Construction and evaluation of LR and SVM models
In the LR model, the overall importance of the selected radiomic features is illustrated in Supplementary Figure 4. The formula for predicting the probability of CD38 expression level, represented by the Rad_score, is as follows:
Rad_score = 0.220-0.547*(glcm_ldn)
-0.706*(glrlm_RunLenthNonUniformity)
-0.566*(gldm_DependenceVariance)
+1.787*(glszm_LargeAreaHighGrayLevelEmphasis)
-1.181*(gldm_SmallDependenceLowGrayLevelEmphasis)
The SVM model was also constructed using the aforementioned five radiomics features. The importance of each radiomics feature in the model is shown in Supplementary Figure 5.
The predictive performance of the LR and SVM models was evaluated. The LR model achieved an AUC value of 0.739 (95%CI:0.609-0.870) for the ROC curve, and after 5-fold cross-validation, the ROC-AUC of the LR model was 0.732 (95%CI:0.595-0.868) as shown in Figure 3-A and B. The SVM model had an AUC value of 0.741 (95%CI:0.608-0.874) for the ROC curve, and a 5-fold cross-validated ROC-AUC of 0.700(95%CI:0.555-0.835), as shown in Figure 4-A and B. Hosmer-Lemeshow goodness-of-fit test demonstrated comparatively good consistency between the predicted probabilities and the actual values for both the LR (P=0.838) and SVM (P=0.074) models, The corresponding calibration curves are shown in Figure 3-C and Figure 4-C. The AUC for the PR curve was 0.760 for the LR model (Figure 3-D) and 0.721 for the SVM model (Figure 4-D).

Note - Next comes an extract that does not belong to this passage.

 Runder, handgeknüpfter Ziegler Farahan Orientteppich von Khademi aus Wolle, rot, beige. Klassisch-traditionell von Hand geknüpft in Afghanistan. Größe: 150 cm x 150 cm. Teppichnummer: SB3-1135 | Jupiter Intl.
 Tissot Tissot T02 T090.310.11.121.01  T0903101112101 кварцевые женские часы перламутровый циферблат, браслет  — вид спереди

The DCA curves showed if the risk threshold probability is between 30% to 80%, the two model both had superior net benefit (Figure 3-E and 4-E). The Delong test indicated no statistically significant difference in AUC values before cross-validation and after cross-validation in the two models (P=0.961 of LR model, P=0.703 of SVM model), indicating the stability of the model fitting.

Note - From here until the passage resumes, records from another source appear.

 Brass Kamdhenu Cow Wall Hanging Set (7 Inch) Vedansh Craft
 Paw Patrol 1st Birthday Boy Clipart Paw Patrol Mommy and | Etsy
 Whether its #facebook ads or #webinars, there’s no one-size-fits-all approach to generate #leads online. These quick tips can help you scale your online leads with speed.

The LR and SVM models both output the probability of predicting CD38 expression level, referred to as Rad_score. There was a significant difference in the distribution of Rad_score between the CD38high and CD38low groups (p<0.01). The CD38high group exhibited higher Rad_score (Figure 3-F and 4-F).